WHAT YOU HAVE TO DO = Using the records below, write out again exactly the lines that begin at the line containing "Patriotas continuam na" and end at the line containing "Lululemon size 4 turtleneck", and no other lines.
+ + + + + + +
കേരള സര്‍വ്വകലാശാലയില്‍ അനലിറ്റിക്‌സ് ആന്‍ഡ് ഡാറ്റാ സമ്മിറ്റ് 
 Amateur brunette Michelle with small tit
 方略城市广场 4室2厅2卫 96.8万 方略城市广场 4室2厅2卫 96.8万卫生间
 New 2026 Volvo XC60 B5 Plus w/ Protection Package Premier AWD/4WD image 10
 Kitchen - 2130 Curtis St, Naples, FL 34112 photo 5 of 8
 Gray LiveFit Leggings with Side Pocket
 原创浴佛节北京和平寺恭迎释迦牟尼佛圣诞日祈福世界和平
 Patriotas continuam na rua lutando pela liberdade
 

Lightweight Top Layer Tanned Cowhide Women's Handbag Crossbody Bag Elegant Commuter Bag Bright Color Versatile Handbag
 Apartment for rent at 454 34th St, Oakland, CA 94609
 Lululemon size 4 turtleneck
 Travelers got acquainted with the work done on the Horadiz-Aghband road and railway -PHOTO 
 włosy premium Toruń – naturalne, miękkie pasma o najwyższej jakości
+ + + + + + +
WRITTEN SOLUTION =
 Patriotas continuam na rua lutando pela liberdade
 

Lightweight Top Layer Tanned Cowhide Women's Handbag Crossbody Bag Elegant Commuter Bag Bright Color Versatile Handbag
 Apartment for rent at 454 34th St, Oakland, CA 94609
 Lululemon size 4 turtleneck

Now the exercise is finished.